きっとこのあたりにお風呂があって、誰かがシャワーを浴びている。
閉じていればただの箱のように見えるそれが、ひとつの家族を覆う「家」なのだということを思い出させる。
あの家も、その家も。

以前住んでいたアパートは1階にあったので、2階に住む人が洗い物をしたりシャワーを浴びていると、壁を伝って水の音がした。
はじめはこの水はどこを流れているんだろうという不思議さで落ち着かなかったけれど、そのうちに、こうして違う部屋の気配を感じられるのもアパートの良さだと感じるようになった。

閑静な住宅街、というと不動産屋さんからすればいい条件なのかもしれない。でも、必ずしもそういうものでもないと思う。
家で勉強すると集中できないという人がいるのと同じで、少しくらい外を感じられる方が安心することもある。

初めての一人暮らしで住んだマンションは7階にあって、ベランダからはスカイツリーが見えるいいところだった。
目の前には国道が走っていて、車の音が絶えない。
それまで実家でいつも誰かしらがいる暮らしに慣れていた私にとって、外の気配のない閉じた箱で暮らすのは窮屈に感じてしまったので、ちょうどよかった。

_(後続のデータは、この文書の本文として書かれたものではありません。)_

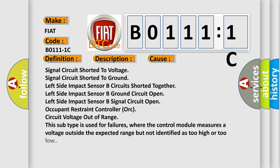This diagnostic error occurs most often in these cases: signal circuit shorted to voltage, signal circuit shorted to ground, left side impact sensor B circuits shorted together, left side impact sensor B ground circuit open, left side impact sensor B signal circuit open, occupant restraint controller ORC circuit voltage out of range. This subtype is used for failures where the control module measures a voltage outside the expected range but not identified as too high or too low.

車の音が、水の音が、そこに生きている誰かを伝えてくれる。
姿は見えなくても、音で、十分見える。

帰り道の地面に続くマンホールの下からも、勢いのある水の流れが音になってやってくる。
まるで行く道を追いかけてくるみたいに、ひとつめで聞こえてきたものが、ふたつめ、みっつめ、音は続いていく。
それぞれの生活の証がこうして集まって流れていくんだと、マンホールの上を踏みながら、少しほっとする。